Surabaya, Beritasatu.com – Kepolisian Resor (Polrestabes) Surabaya menuding Ivan Sugiant sebagai pelaku viral penganiayaan terhadap siswa SMAK Gloria 2 Surabaya. Kabid Humas Polda Jatim Kompol Paul Dirmanto mengatakan, status tersebut ditetapkan setelah memeriksa 11 orang saksi.
Read More : Semifinal Concacaf Nations League: Panama Singkirkan AS
Ivan Sugiant diculik paksa oleh polisi dan tim security Bandara Juanda di Terminal Kedatangan T-1, 4 Garbarata Gerbang 6, Kamis (14/11/2024) pukul 16.20 WIB.
“Polisi telah membuat daftar perkara sebanyak 11 orang saksi. Dari daftar tersebut, Saudara I (Ivan Sugianto) ditetapkan sebagai tersangka dan ditangkap di Bandara Juanda,” kata Dirmanto.
Baca juga: Ivan Sugianto yang Membully Siswa SMAK di Surabaya Dibawa Polisi di Bandara.
Peristiwa penganiayaan yang dilakukan Ivan Sugianto terjadi Senin (21 Oktober 2024) lalu. Peristiwa itu bermula dari saling cacian antara siswa SMA Gloria 2 Surabaya dan SMA Sita Hati Surabaya.
Tak terima dengan kejadian tersebut, ayah dari Sita Hati, seorang siswi SMA, bersekolah di SMA Gloria 2 Surabaya.
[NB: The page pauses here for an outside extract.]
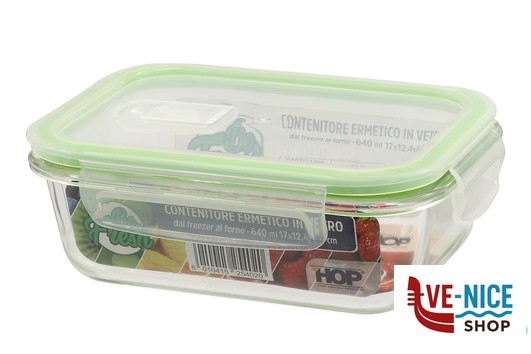 vetro BE FRESH-CONTENITORE RETTANGOLARE 640ML CM.17X12,4X5,3 IN VETRO BOROSILICATO IMPORT CUCINA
Akhirnya terjadilah kejadian seperti yang terlihat dalam video yang viral di media sosial.
Read More : Dibenci Semua Napi, Reynhard Sinaga si Predator Seksual Diserang di Penjara Inggris
Seorang pria bernama Ivan Sugianto menyuruh seorang siswa SMA untuk berlutut dan menggonggong seperti anjing.
Ivan disebut-sebut merupakan salah satu pengusaha hiburan malam di Surabaya. Selain videonya yang viral, foto Ivan bersama seorang pejabat TNI juga ikut viral.
Salah satu foto yang diunggah akun @opposition6869 ke X memperlihatkan Ivan yang mengenakan kemeja putih bersama seorang perwira TNI. Kedua pria di hadapan Ivan ini juga merupakan anggota TNI, berpangkat perwira, dan seorang pria berkemeja putih. Empat orang difoto di dalam mobil.